==== Study material
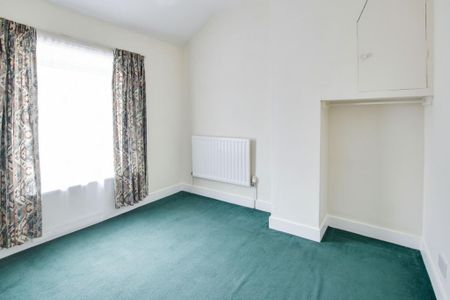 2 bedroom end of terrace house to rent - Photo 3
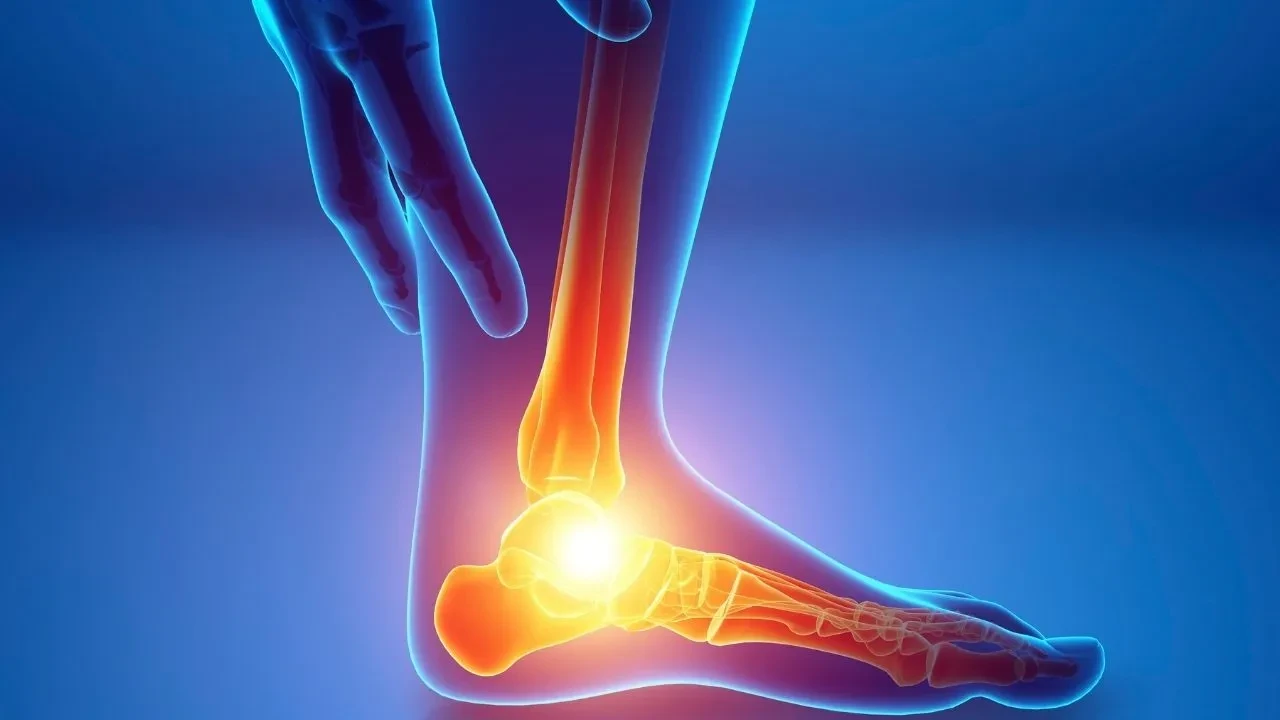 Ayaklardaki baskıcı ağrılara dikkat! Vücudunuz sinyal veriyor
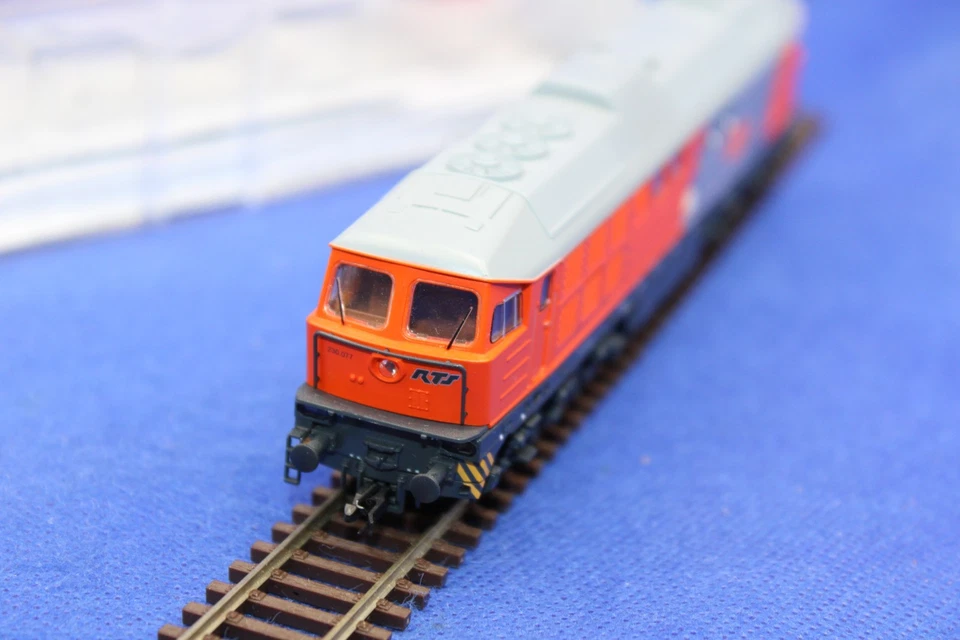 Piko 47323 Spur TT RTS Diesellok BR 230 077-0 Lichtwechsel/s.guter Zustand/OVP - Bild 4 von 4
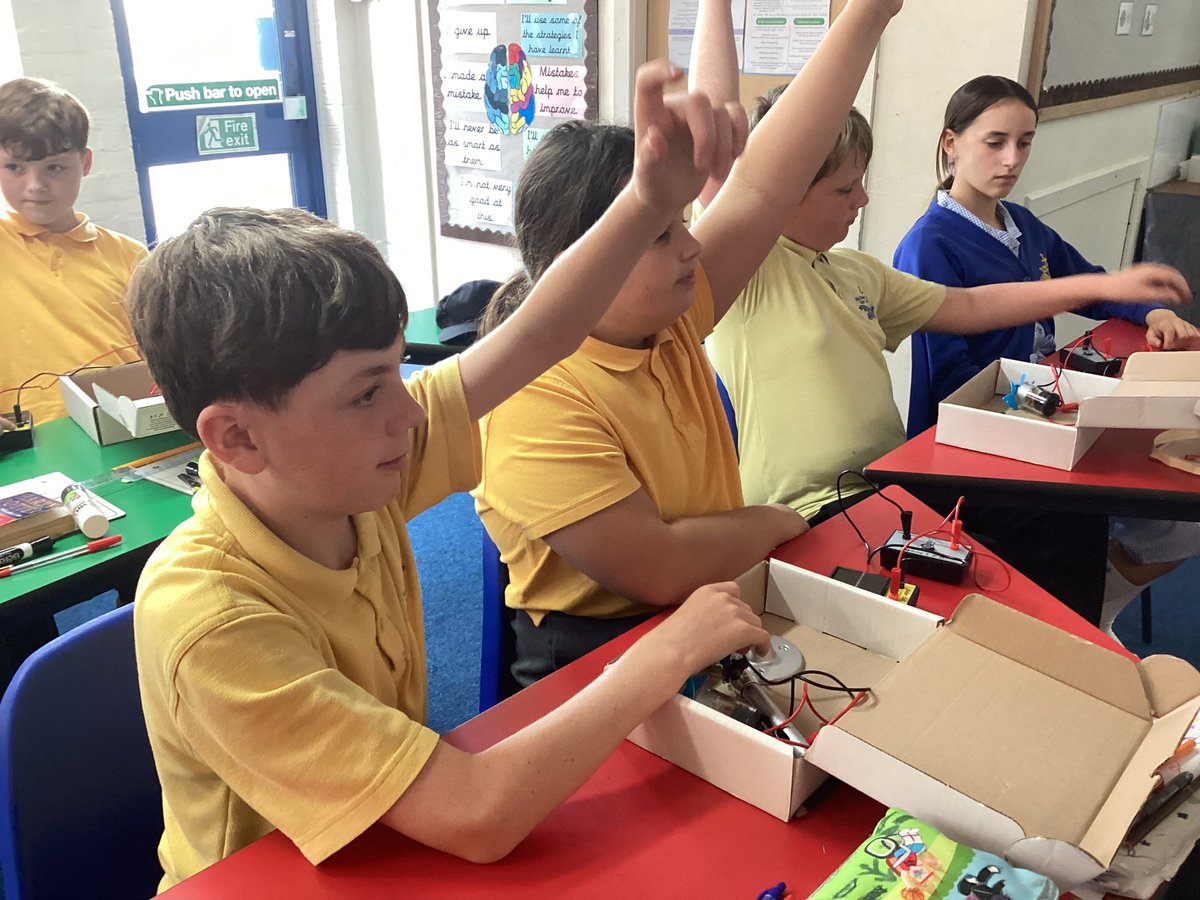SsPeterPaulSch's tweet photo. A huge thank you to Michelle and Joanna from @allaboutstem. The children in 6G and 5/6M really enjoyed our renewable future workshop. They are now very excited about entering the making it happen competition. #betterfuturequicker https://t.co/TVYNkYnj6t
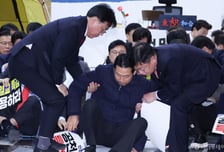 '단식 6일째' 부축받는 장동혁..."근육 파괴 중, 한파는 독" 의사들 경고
========
==== Study material
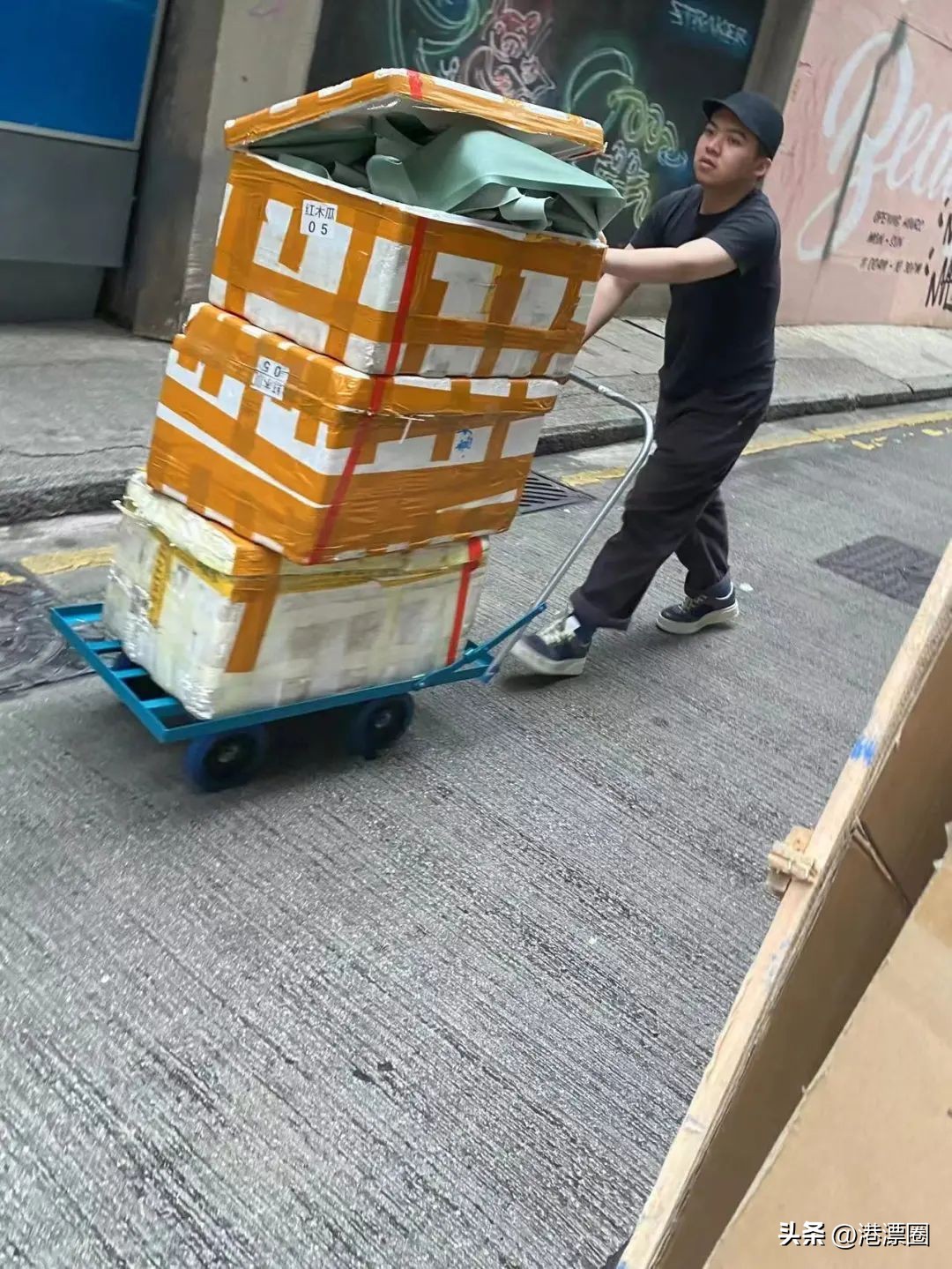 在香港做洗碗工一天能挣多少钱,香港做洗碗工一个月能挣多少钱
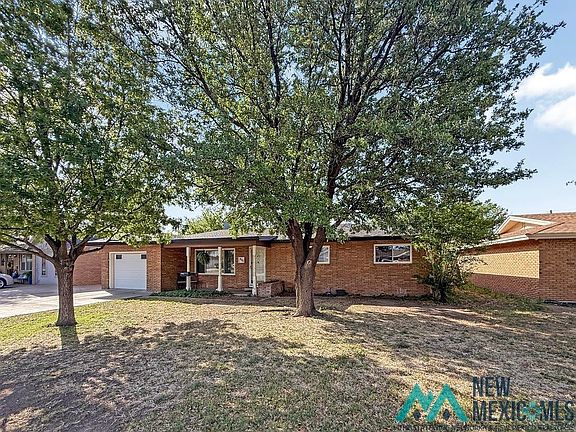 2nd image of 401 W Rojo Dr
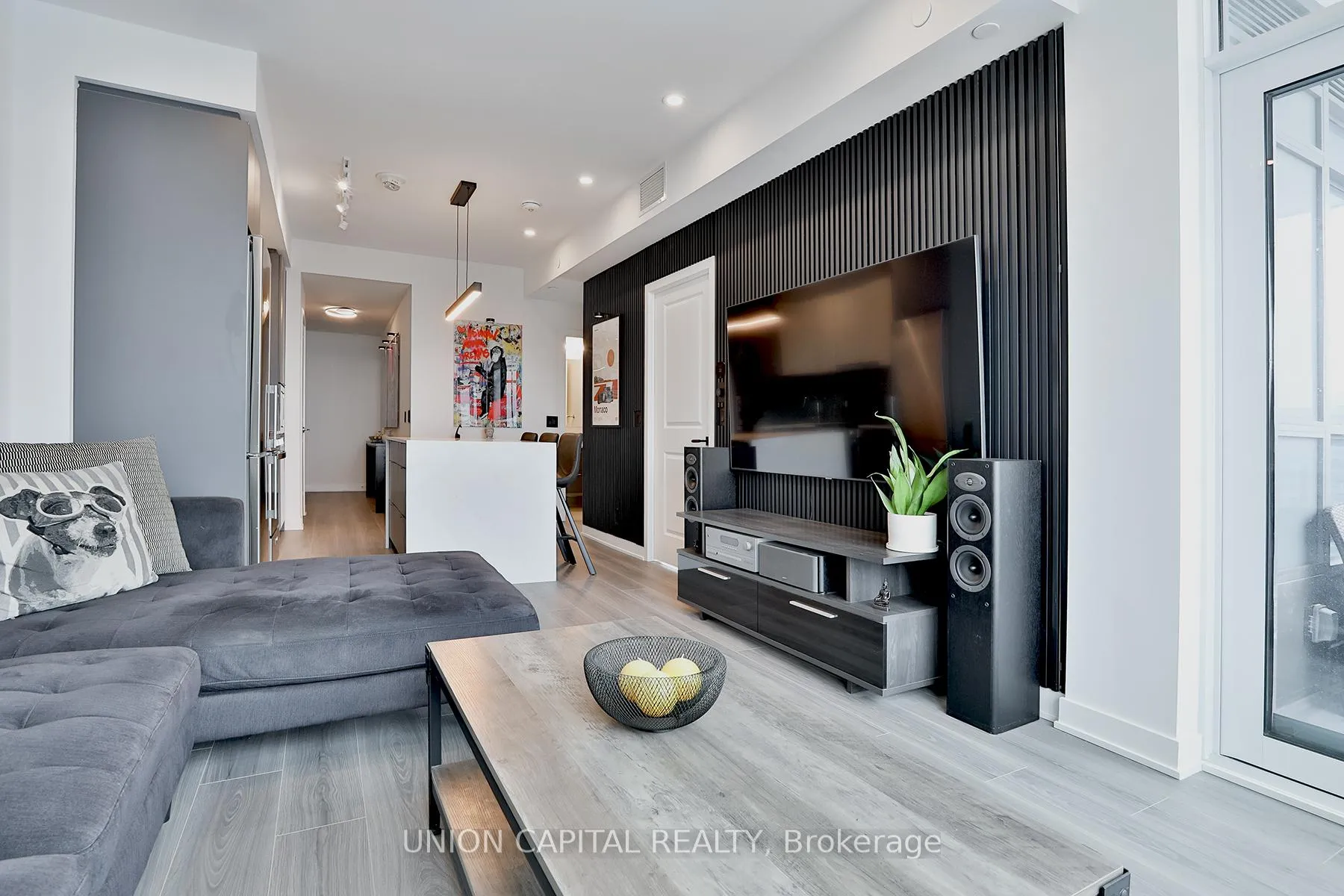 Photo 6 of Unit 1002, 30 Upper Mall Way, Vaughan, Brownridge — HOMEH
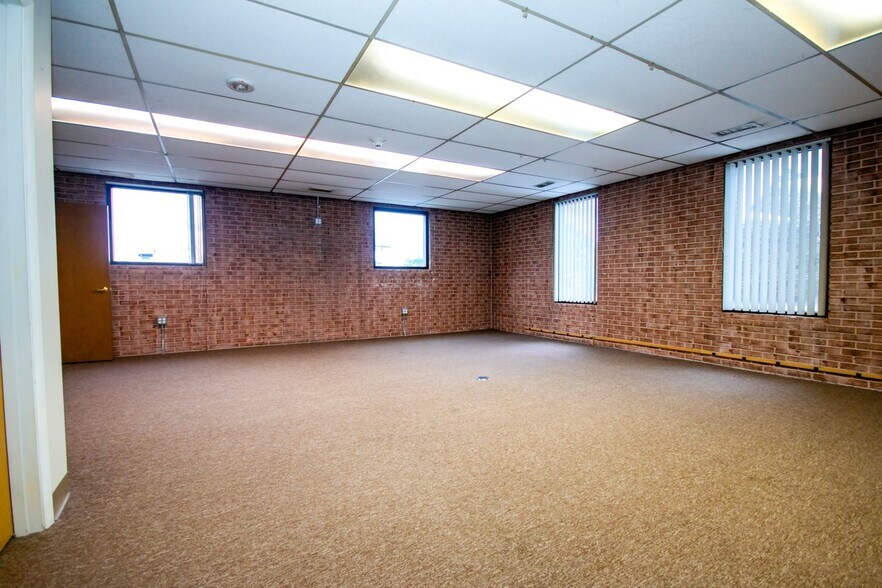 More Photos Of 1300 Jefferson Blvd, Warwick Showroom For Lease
========
§ **Task statement**: Only one part of the material above is wanted: the lines from the one with "2 bedroom end" up to and including the one with "Piko 47323 Spur". Please copy them exactly, pictures left out.

§ **Solution for this task**:
 2 bedroom end of terrace house to rent - Photo 3
 Ayaklardaki baskıcı ağrılara dikkat! Vücudunuz sinyal veriyor
 Piko 47323 Spur TT RTS Diesellok BR 230 077-0 Lichtwechsel/s.guter Zustand/OVP - Bild 4 von 4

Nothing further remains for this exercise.